Does the append command exist for the list? or is there another method to add entries to the end of a list?
Also does the new Ast.UndefinedValue need to be new Ast.UndefinedValue()?

gcampax · September 4, 2021, 7:27pm

append should be push. Having () or not does not make a difference for a new expression in JS.
So yeah this looks good. Try it and see if it fixes your issue. If it does, would you mind sending a pull request?
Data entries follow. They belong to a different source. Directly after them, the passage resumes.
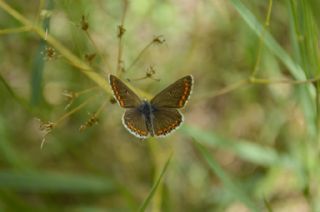 okgzl Esmer (Aricia agestis)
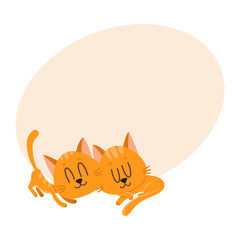 Two cute and funny cat characters sleeping together, cartoon vector illustration with space for text. Couple of cute sleeping, napping, dreaming little red cat, kitten characters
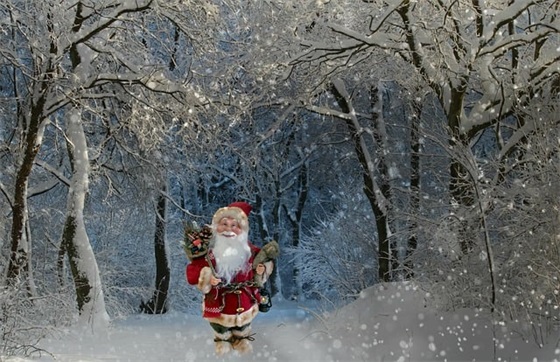 悼念父亲的句子精选192句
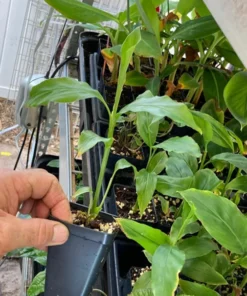 Thai Ginger Plant Alpinia Galanga Ginger Plants To Grow Live Starter Plant 6 to 8 Inches - Ginger Plant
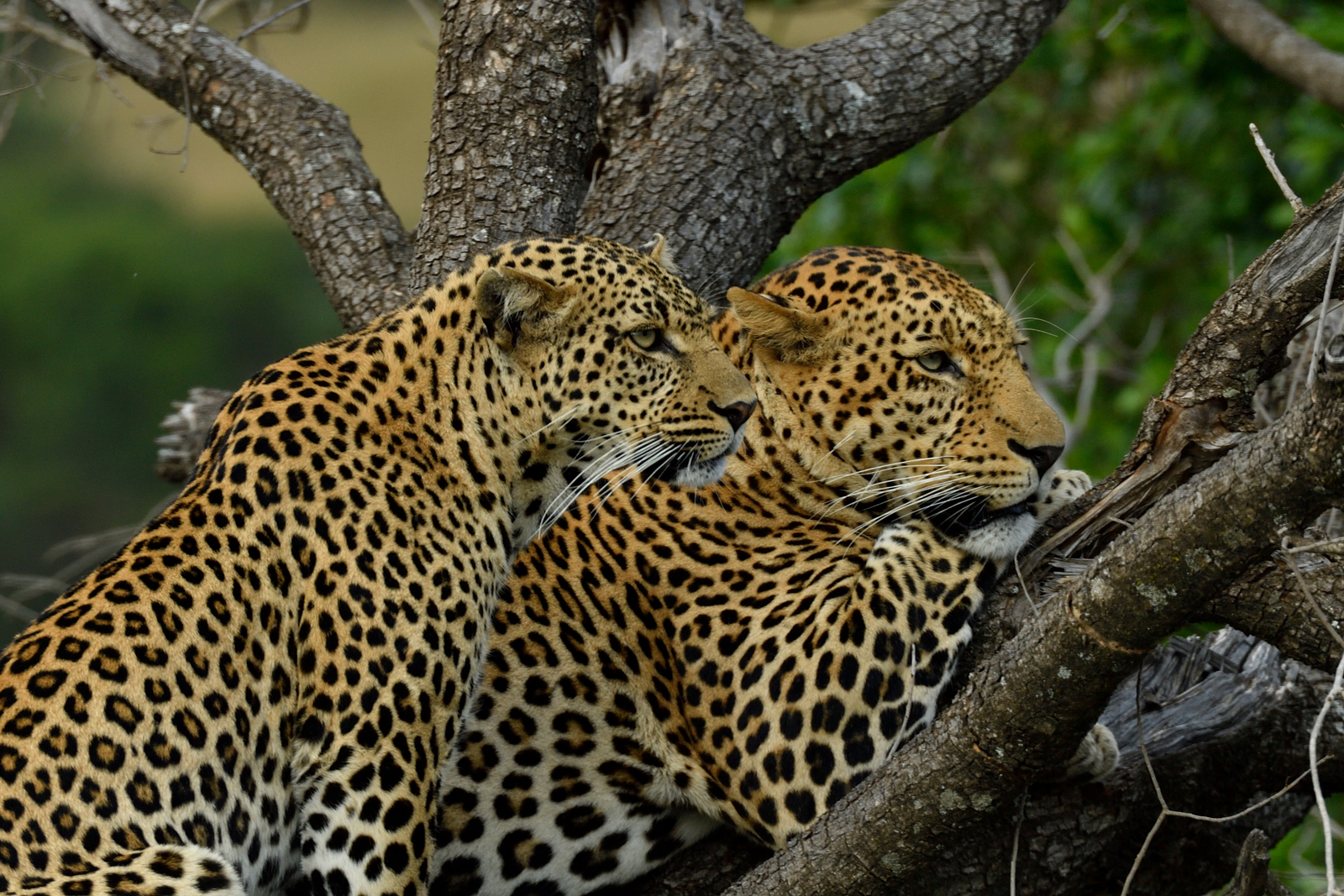 Saruni Mara Camp Saruni Mara Camp: Leoparden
Anggrio · September 5, 2021, 6:54am

Hi Giovanni,

Unfortunately it doesn’t seem to work, we received the same error below as before:

Here is what I ended up writing for the fix:

const invoInputParam = [];
for (const i of query.iterateArguments()) {
      if (i.is_input && i.required)
         invoInputParam.push(new Ast.InputParam(null, i.name, new Ast.UndefinedValue()));
}
newTable = new Ast.InvocationExpression(null,
                 new Ast.Invocation(null,
                       new Ast.DeviceSelector(null, query.class!.name, null, null),
                       query.name,
                       invoInputParam,
                       query),
                 query);

Note, we needed to pull and reinstall the genie-toolkit because we didn’t take the master branch previously. The command we used to run the generate training data is still the same, make subdatasets=2 target_pruning_size=150 datadir

gcampax · September 7, 2021, 3:35pm

That’s quite surprising, because the symptoms you have match exactly what that fix is supposed to address. Just to be sure, did you rebuild genie-toolkit (npx make is the quickest way) after making those changes?